Linking up to Modern Mrs. Darcy for her monthly QuickLit post, where we share “short and sweet reviews of what we’ve been reading lately”. I’ll share everything I’ve read over the previous month here right around the middle of each month, in the order I finished reading them. I read 11 books this month! I expect that, with a brand new baby at home, next month’s numbers will be much smaller.
Sleeping Giants by Sylvain Neuvel
This one was so fun. Chose it as my Book of The Month pick for July. Written in epistolary format (a la The Martian), we learn about a giant metal hand found by a young girl, mostly through a series of interviews with an unnamed government official. This was a quick read, and since Micah was interested in it, I even read some of it aloud. There is very little “content” that isn’t suitable for even young kids, so I’d say anyone 12 and up would be interested in this, even though it’s not YA fiction at all.
Wreckage by Emily Bleeker
Bleeker’s first novel about a plane crash and the survivors’ time on an island, post-rescue. Right away you know there is lying involved, but it takes the whole book to figure out why someone would lie about what happened on a deserted island!
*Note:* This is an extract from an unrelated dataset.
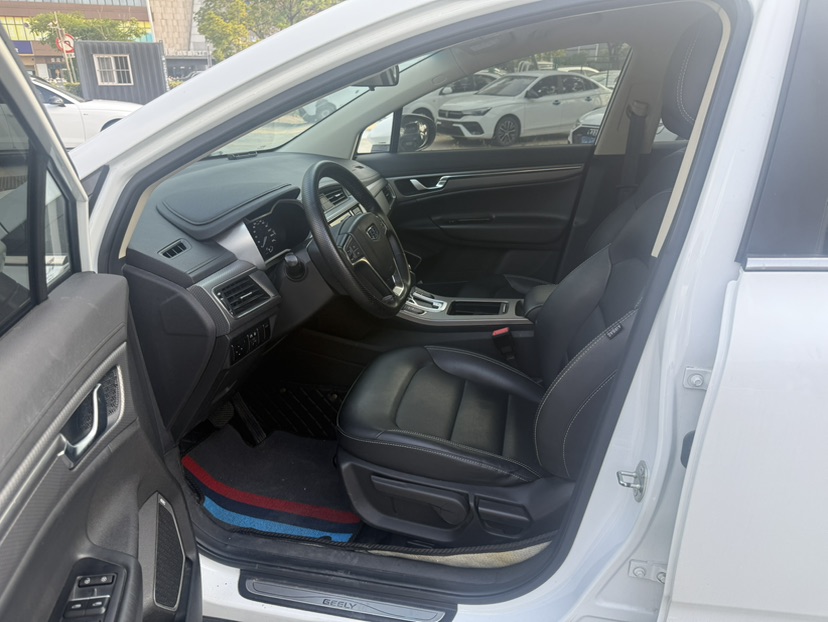 GEELY Emgrand GS 2018 car image #3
Entertaining and fast-moving.
The Year Without a Purchase by Scott Dannemiller
This book is “stunt journalism” (a la AJ Jacobs: The Year of Living Biblically, The Know-It-All, etc), but shouldn’t be discarded even if you think that’s not your thing. Dannemiller and his family tackle the American consumption epidemic in a way that is funny and endearing, and might even inspire you to make some changes in your own life. Be sure to check out my interview with Scott for a deeper look into his life as a writer!
Teaching from Rest by Sarah Mackenzie
I have little doubt that this book will become a yearly re-read for me (if not more often!). I read it as part of a local homeschool book club, even though I wasn’t able to make it to ANY of the meetings! The info she presents is so concise and helpful, and, as a mama about to start our second homeschool year, but this time with a newborn, something I definitely needed to hear. I will need to hear it again. If you are on this journey as well, be sure to pick up a copy of her book!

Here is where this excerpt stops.